Симеркет удивленно моргнул.
— Я не смогу унести все это!
— Но это, господин, точное количество, указанное на твоей табличке. Если хочешь пересчитать…
— Я не смогу унести все это! — повторил Симеркет.
— Возможно, твои слуги…
— У меня нет слуг.
В глазах священника появилась некоторая подозрительность. Кто этот человек без слуг, как будто читал его мысли Симеркет, который претендует на золото фараона? Помявшись, священник вздохнул и предложил Симеркету взять золота столько, сколько он сможет унести. Остальное будет возвращено в подвал и будет там лежать до тех пор, пока он не придет за ним. Священник стер цифры, которые раньше начертал на глиняной табличке, и быстро вписал туда новые.

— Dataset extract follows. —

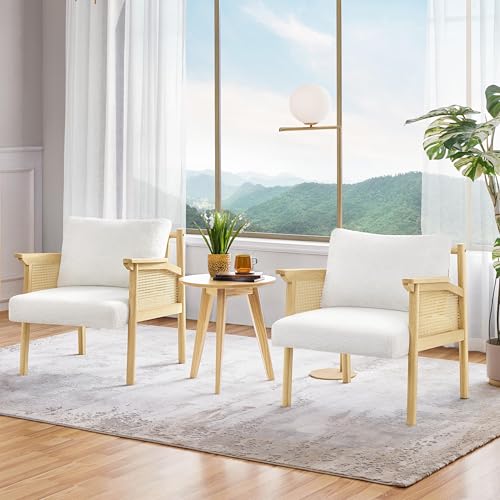 Yaheetech Accent Chair, Boucle Vanity Chair with Rattan Back Arms, Mid Century Chair Upholstered Living Room Chair Lounge Chair Bedroom Balcony White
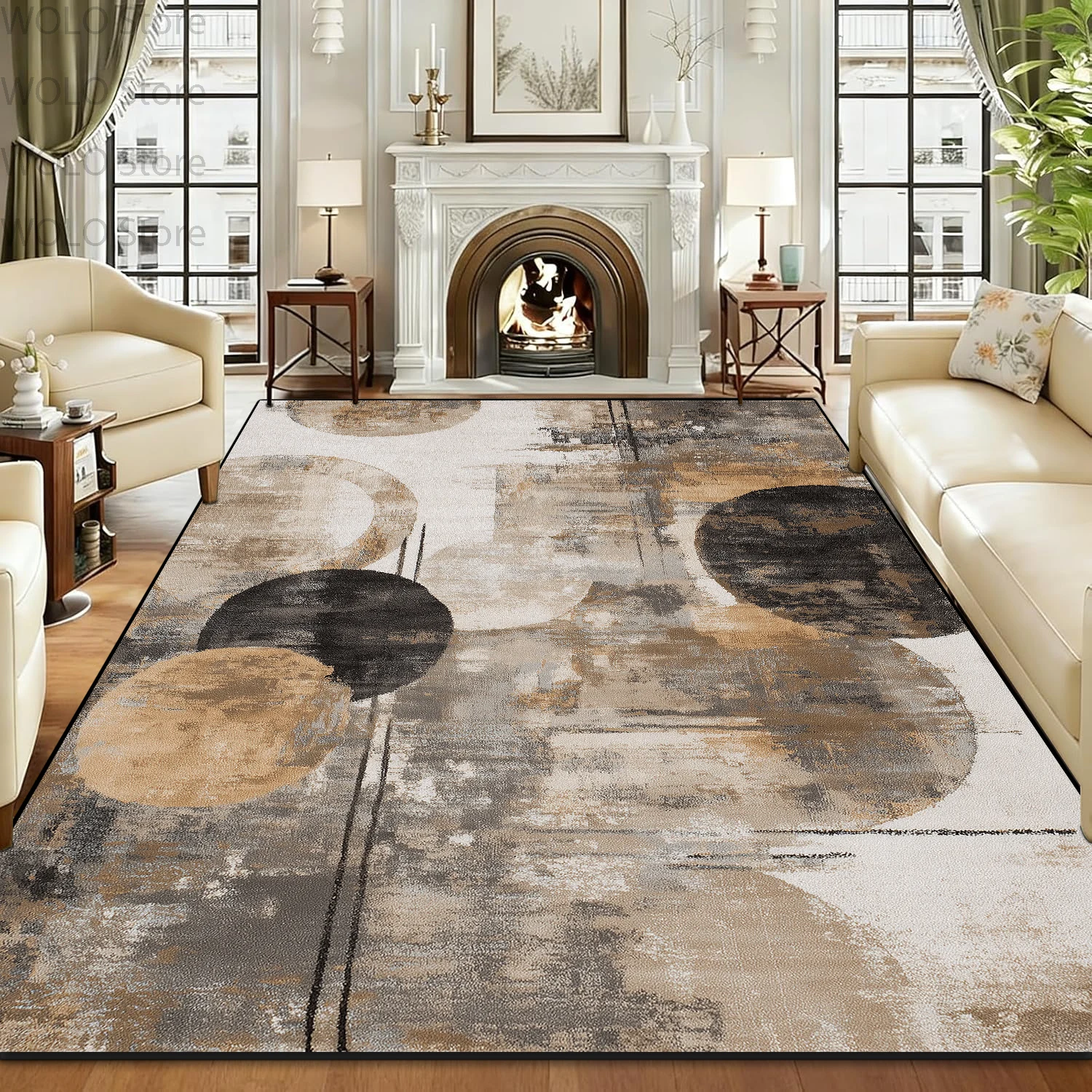 Nordic Abstract Color Block Living Room Carpet Home Decoration Foldable Bedroom Rug Dining Room Party Non-slip Foot Mat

— Твое золото будет цело у нас, господин, — добавил он.
Симеркет снова оставил отпечаток пальца — и вышел из помещения. Пояс его был увешан кольцами золота. Никогда еще он не носил на себе такого богатства! И подумать только, в его мешке осталось еще четыре таблички фараона!
При мысли о фараоне в нем внезапно проснулось чувство вины. Со времени прибытия в Вавилон мысль о Найе и Рэми настолько поглотила его, что он даже не вспомнил о второй миссии, о том, чтобы доставить своему царю статую Бел-Мардука. Он мог хотя бы посмотреть на этого идола, пока был в Исагиле, и оценить усилия, которые нужно затратить для выполнения поручения.
Он ступил на Путь процессий и пошел по его длинному, покатому склону до подземной часовни. Прошло больше часа, прежде чем стража храма позволила ему увидеть самое священное божество Вавилона.
Тихое пение наполняло залы, и его окутало облако дыма с сильным запахом мирра. Симеркет вытянул шею, дабы разглядеть то место, где стоял идол, но толпа верующих мешала ему видеть. Он не знал, чего ожидать, но когда наконец увидел статую, стоявшую под золотым балдахином, первым его чувством было разочарование. Статуя была не выше его самого и сделана довольно плохо; он заметил деревянную арматуру, торчащую сквозь разбитую ступню.
Сработанный в грубом, архаичном стиле, бородатый бог носил высокую корону, и с его пояса свисал кушак из розеток в форме звезд. Застывшая на лице бессмысленная улыбка производила впечатление божественного слабоумия. Левой рукой божество прижимало к груди скипетр, правая была вытянута вперед для приветствия.
Фараон поведал ему, что при восхождении на трон каждый новый царь Вавилона сжимал эту вытянутую руку, чтобы получить согласие бога на свое правление. Теперь рука почти лишилась пальцев, они были стерты едва ли не до основания. Сколько же царей в течение стольких столетий брали эту руку, чтобы она приобрела такой вид, подумал Симеркет.
Постепенно ему стало казаться, что божество вибрирует и излучает тепло, накопленное за все века поклонения. Возможно, это была самая старая статуя идола в мире, и по этой причине самая почитаемая. Симеркет вспомнил слова фараона, которые тот прошептал ему: «Я возьму его руку в свою и излечусь от всех болезней». Видя златую длань, даровавшую власть стольким поколениям царей, Симеркет впервые подумал о том, что магия, живущая в этом идоле, и впрямь может помочь фараону поправить здоровье.
Симеркет продолжал смотреть на статую, пока наблюдающий за порядком стражник не прошептал ему, что он должен покинуть часовню, дабы другие верующие могли приблизиться к божеству. Когда он снова оказался в зале, к нему подошел молодой священник.
— Господин Симеркет? — осведомился неизвестный.
Симеркет удивленно кивнул.
— Досточтимый Служитель Высшей Магии Адад просит вас для небольшой беседы.
— Меня? — осторожно переспросил Симеркет.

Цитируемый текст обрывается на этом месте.